#### [Excerpted data]
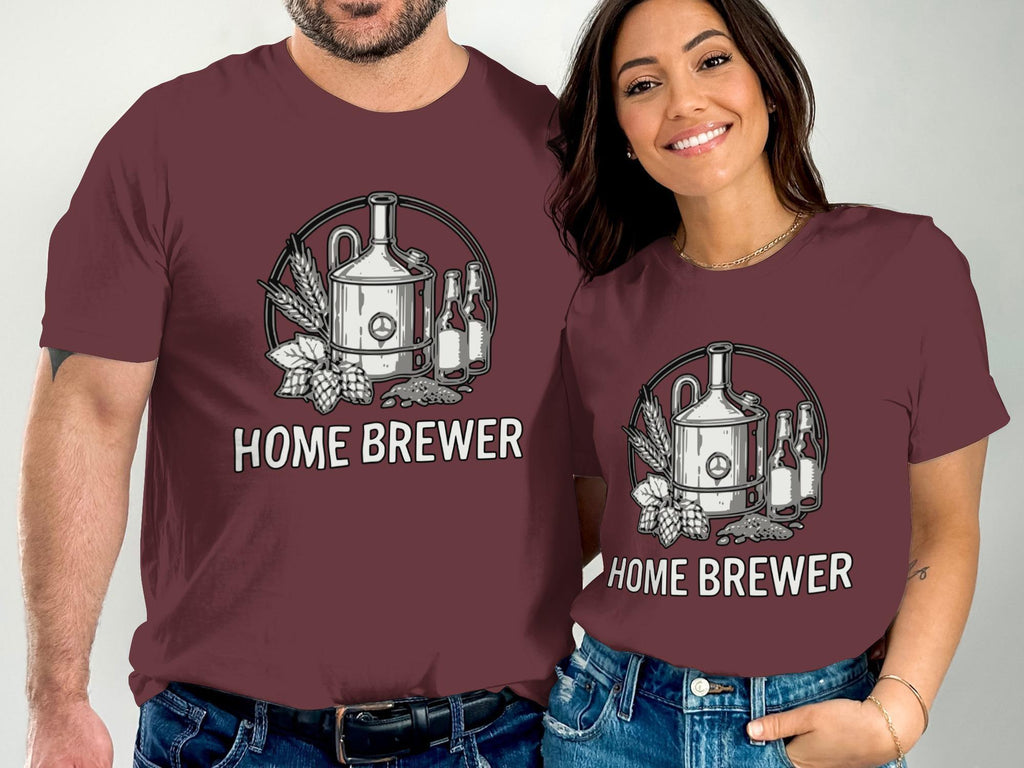 Home Brewer T-Shirt, Craft Beer Shirt, Home Brewing, Beer Lover Gift, T-Shirt for Men, T-Shirt for Women, Unisex Shirt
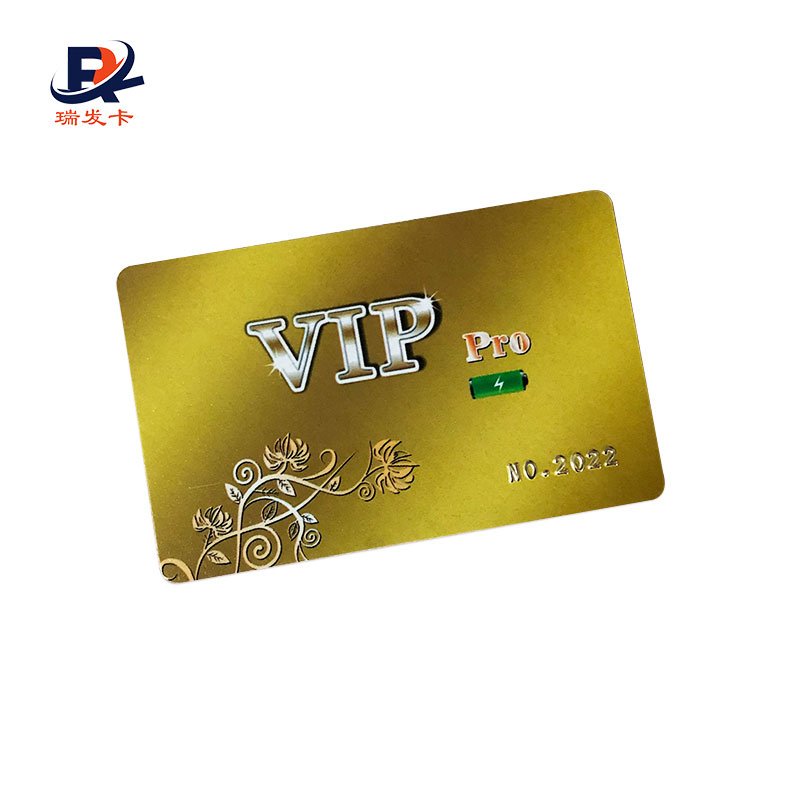 Preprinted High Security Membership Card VIP Card with 125KHz 13.56MHz UHF Chips / Access Control ID Card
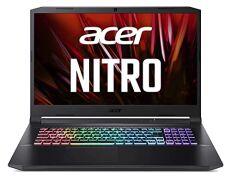Acer Nitro 5 (AN517-54-76FP) Gaming Laptop | 17,3 FHD 144Hz Display | Intel Core i7-11800H | 16 GB RAM | 1 TB SSD | NVIDIA GeForce RTX 3070 | Windows 11 | QWERTZ Tastatur | schwarzrot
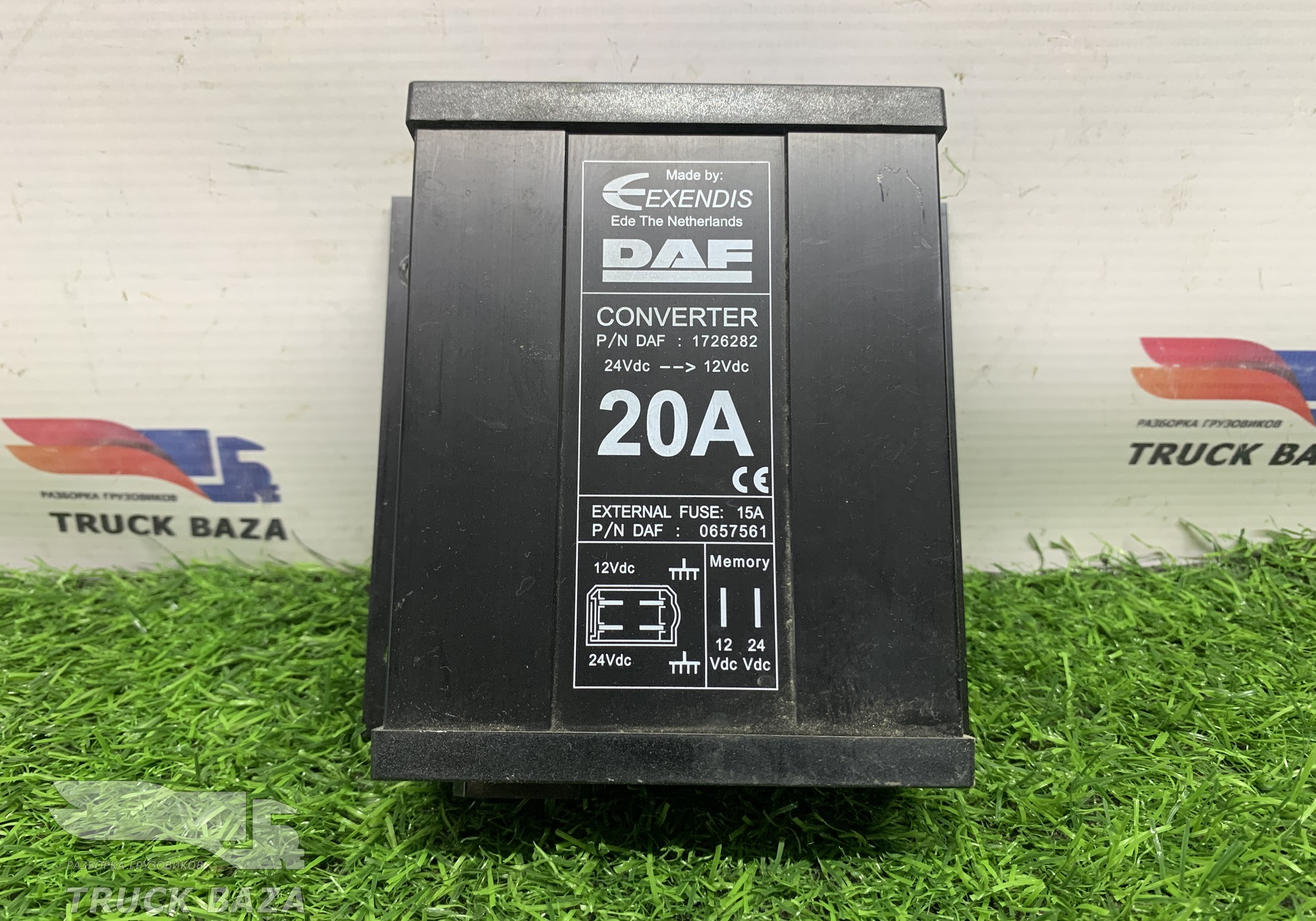 1726282 Преобразователь напряжения 20А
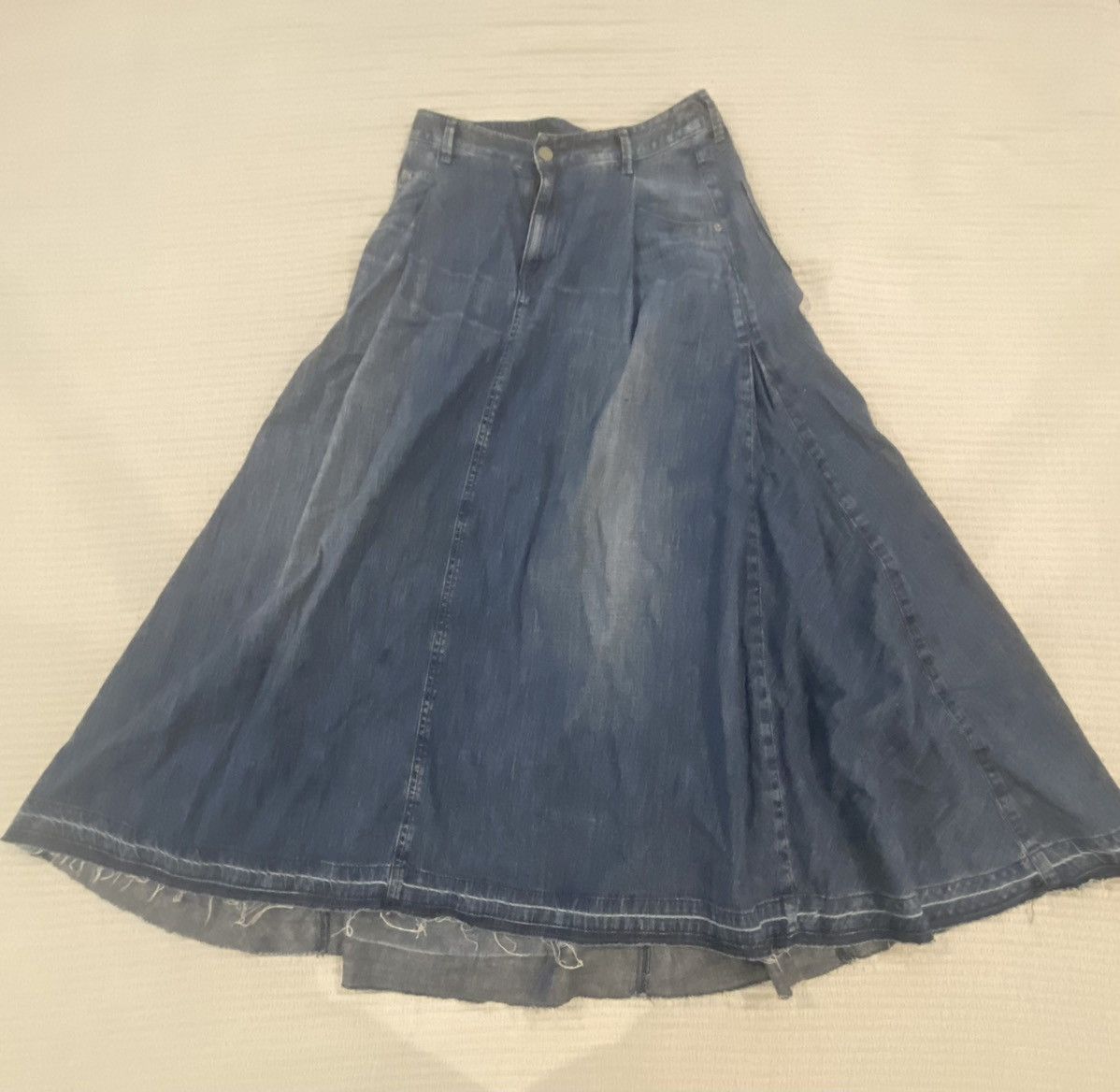 Hysteric Glamour hysteric glamour denim maxi skirt Size US 28 / EU 44 - 1 Thumbnail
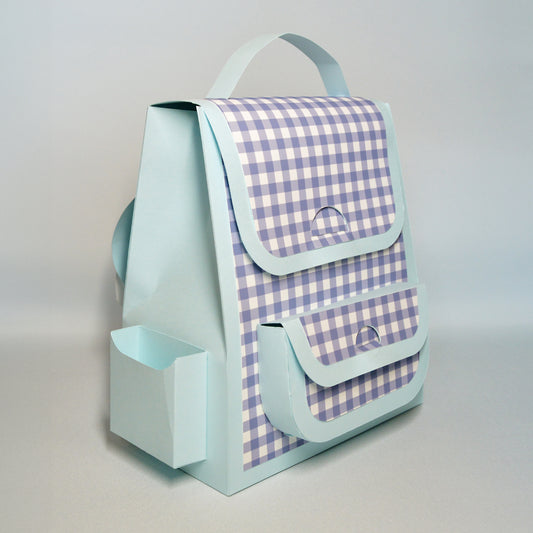 Backpack Gift Box SVG File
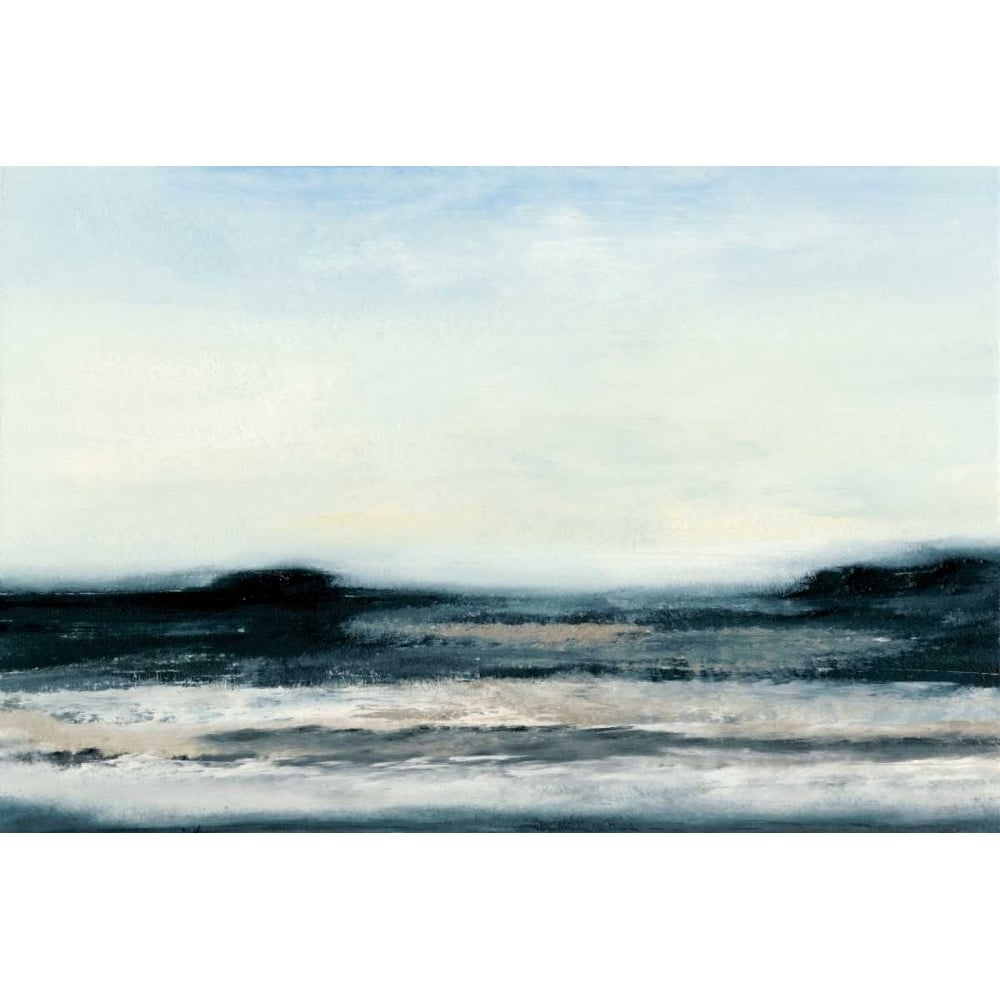 Ocean Tide I Poster Print - Sharon Gordon-VARPDX109830FN Image 1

#### [Exercise prompt]
Lines from the one holding "1726282 Преобразователь напряжения 20А" down to the last line of the entries above must be retyped exactly, inclusive of both, with no pictures and nothing else.

#### [Response]
 1726282 Преобразователь напряжения 20А
 Hysteric Glamour hysteric glamour denim maxi skirt Size US 28 / EU 44 - 1 Thumbnail
 Backpack Gift Box SVG File
 Ocean Tide I Poster Print - Sharon Gordon-VARPDX109830FN Image 1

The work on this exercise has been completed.